• _Task_
At the line containing "A coastal hotel", begin an exact copy of the lines below and continue through the final one, with no pictures.

• _Dataset extract_
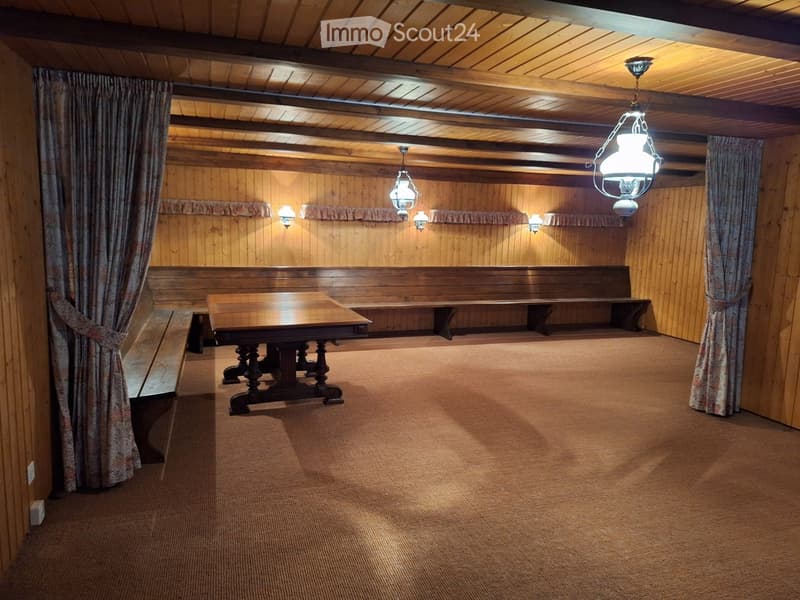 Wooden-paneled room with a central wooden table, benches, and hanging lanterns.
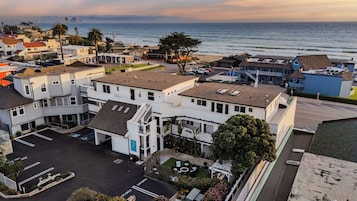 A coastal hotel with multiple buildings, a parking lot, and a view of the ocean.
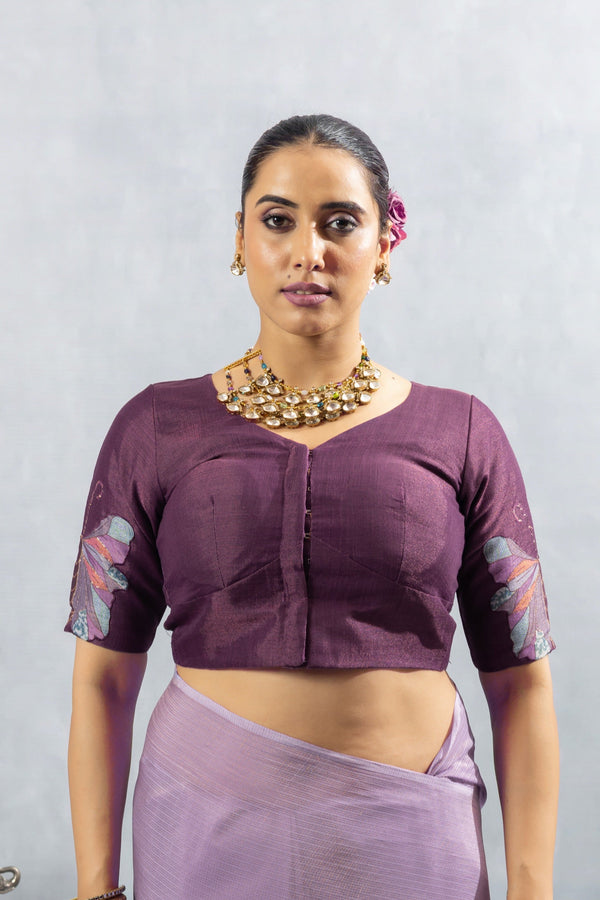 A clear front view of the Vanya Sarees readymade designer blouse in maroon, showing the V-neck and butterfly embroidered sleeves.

• _Problem solution_
 A coastal hotel with multiple buildings, a parking lot, and a view of the ocean.
 A clear front view of the Vanya Sarees readymade designer blouse in maroon, showing the V-neck and butterfly embroidered sleeves.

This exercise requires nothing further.